# RECORDED DATA:
+---+
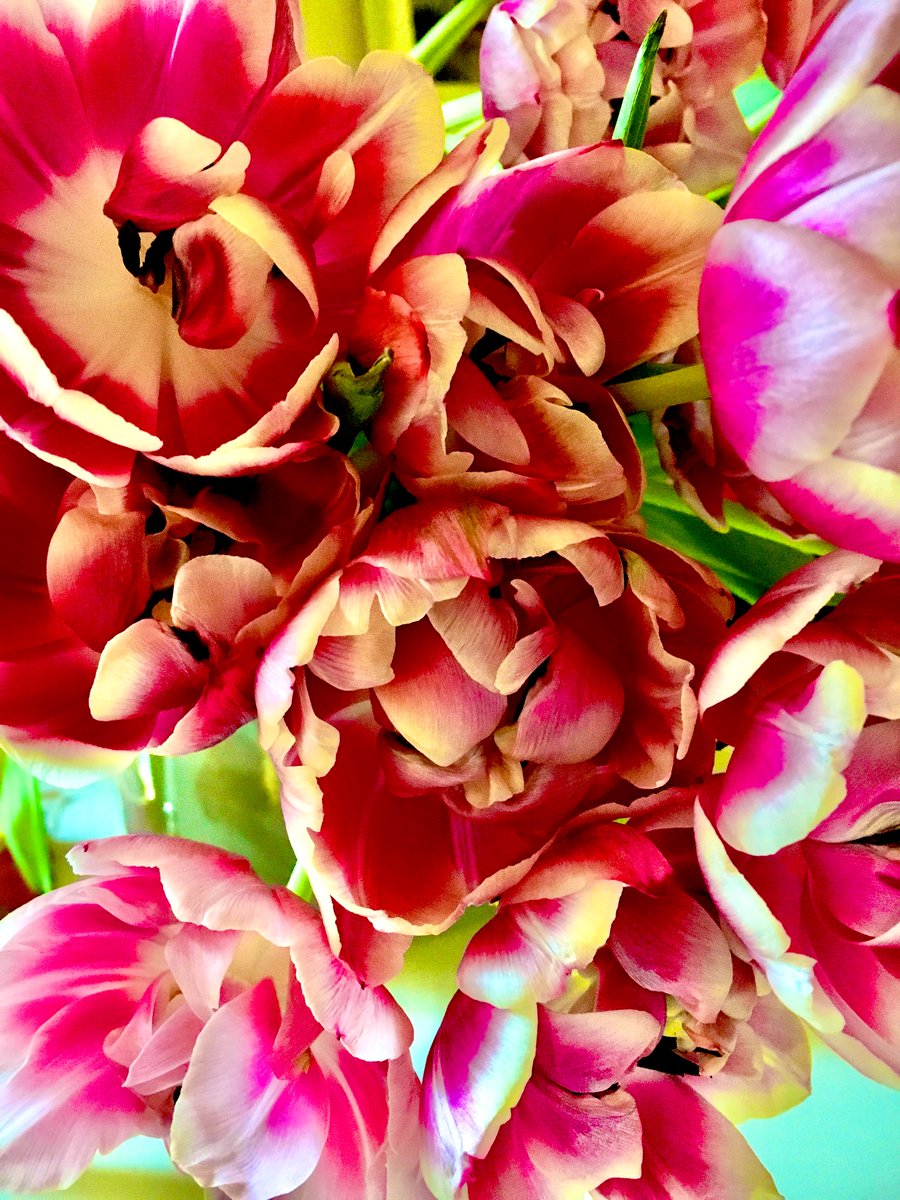 Good morning ☀️💐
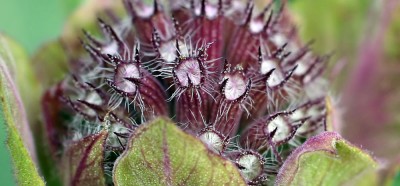 garten7.jpg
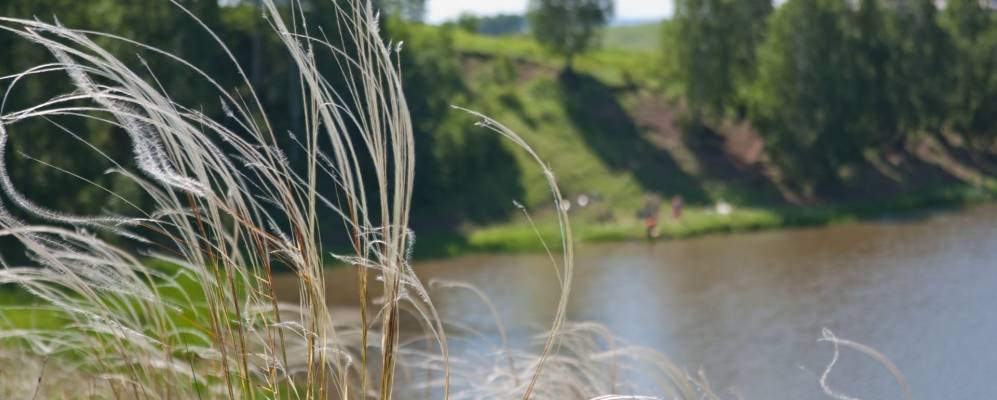 
            Фотография Кольчегиза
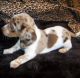 Bluetick Coonhound Puppies for sale in Phenix City, AL 36870, USA. price: $500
+---+
# TASK DESCRIPTION:
Give the preceding data back exactly, minus every picture.

# ANSWER SECTION:
 Good morning ☀️💐
 garten7.jpg
            Фотография Кольчегиза
 Bluetick Coonhound Puppies for sale in Phenix City, AL 36870, USA. price: $500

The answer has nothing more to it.